In recent years, the world has been characterised as VUCA (volatile, uncertain, complex, ambiguous). Recently, however, business strategy experts have been talking about the BANI world: brittle, anxious, non-linear, incomprehensible. In this article, we will explore this paradigm shift and how to adapt to this new reality using visual tools.

Used by the US military since the 1980s and adopted by strategy consultants since the 2000s, the VUCA World concept has been adopted by many organisations, including the most innovative, as a framework for building strategy in recent years.

The VUCA world is characterised by economic and political instability, social disruption, unpredictable events, price and exchange rate volatility and widespread uncertainty.
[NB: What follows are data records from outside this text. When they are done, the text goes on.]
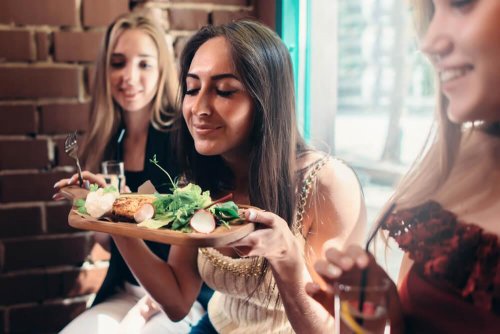 3 dicas para se cuidar sem renunciar à vida social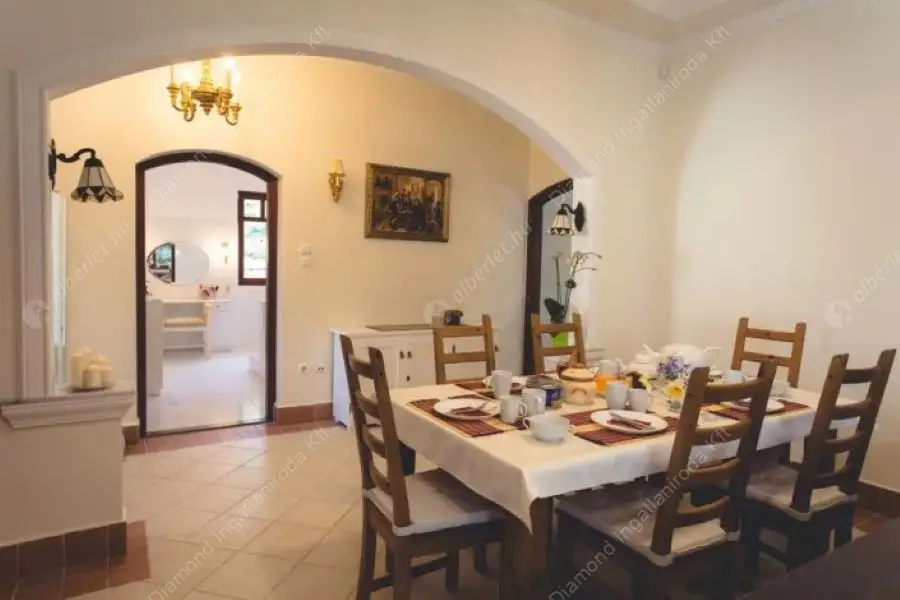 Kiadó albérlet 995000 Ft/hó áron: Budapest, XXII. kerület  Meggyvágó utca. Mérete: 180 nm, 5 szobás | Alberlet.hu - 6034820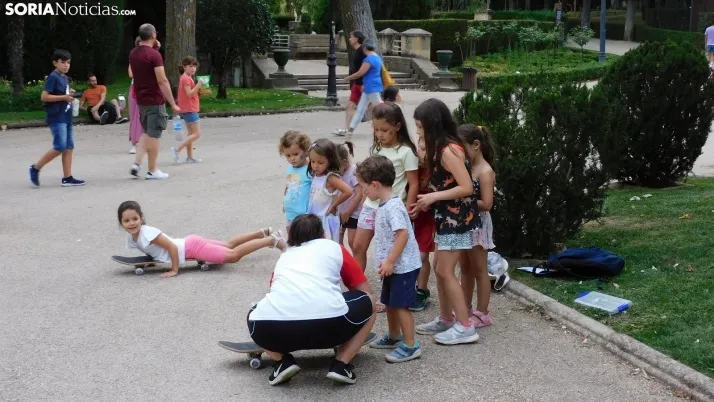 Medio centenar de ni&ntilde;os disfrutan de la Gymkana que cierra las 'Noches Callejeras'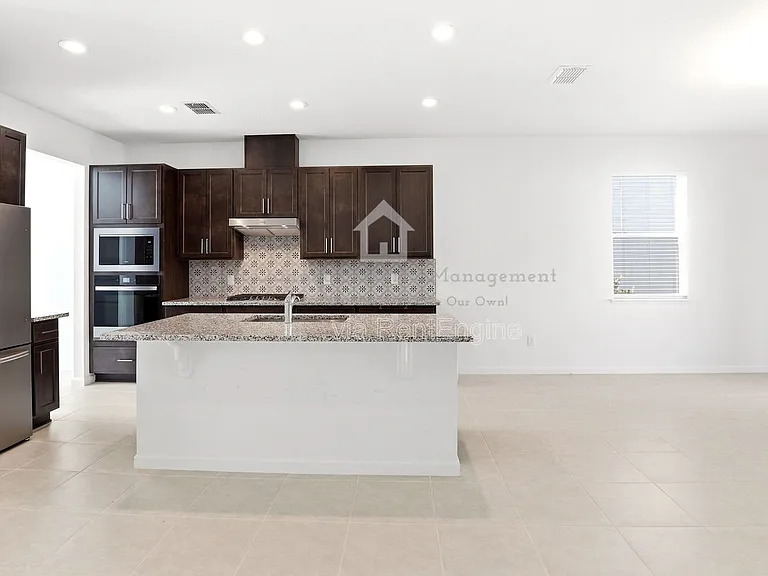 2512 Cedar Rose St — Photo 11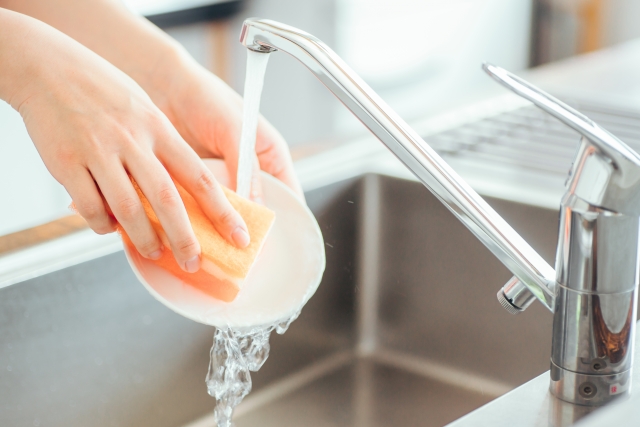 洗い物をする女性の手元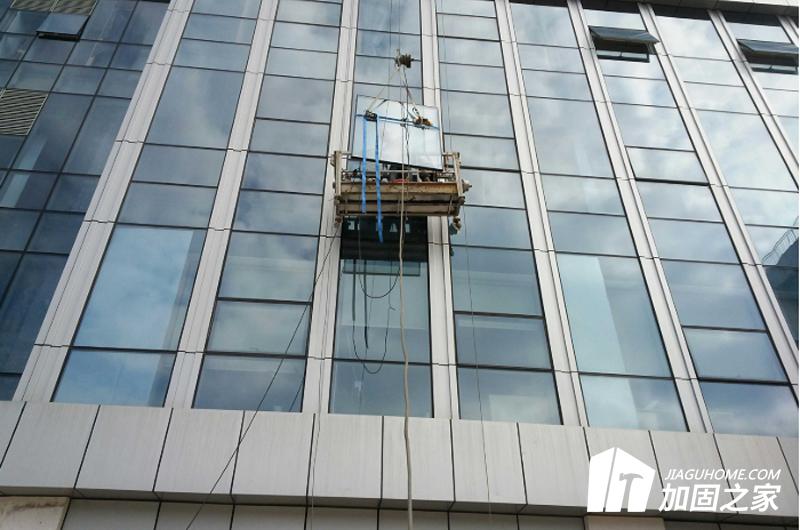 玻璃幕墻構(gòu)造連接的檢測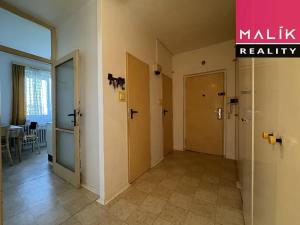 Prodej bytu 3+1, Ostrov, Masarykova, 70 m2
Today, we may be entering a new world described by the acronym BANI. BANI (brittle, anxious, nonlinear, incomprehensible) describes an environment marked by increasing fragility of our ecosystems, widespread anxiety about the future, increasing complexity of systems, non-linearity of thinking and lack of understanding of the issues at hand.

The creator of this new concept is Jamais Cascio, an American anthropologist, author and futurist (read more).

The BANI concept offers a new framework for building strategies today. In this new world, companies must be more aware of their impact on society and the environment and take steps to mitigate their negative effects. Individuals also have to be more aware of their role in society and their responsibility to contribute to a sustainable future.

The importance of non-linear thinking and visual tools

In the BANI world, the increasing complexity of social, environmental and economic problems requires non-linear thinking to better collaborate, communicate and make decisions.

Visual tools are particularly useful in fostering this non-linear thinking. They also help to clarify information and data, and to identify trends and patterns in this increasingly complex environment.

Some of the visual tools that support non-linear thinking may include:

  • Mind maps and tree diagrams: Helps to show the relationships between different elements in a non-linear way
  • Collaborative whiteboards: Collaborative whiteboards help several people work together on a project, generating and organising ideas in a non-linear way.
  • Sketchnoting and graphic facilitation: Encourage non-linear and creative representation of information.

All these tools encourage a creative exploration of information and help to present complex issues in a more understandable way. This is a first step towards adapting and succeeding in a BANI world.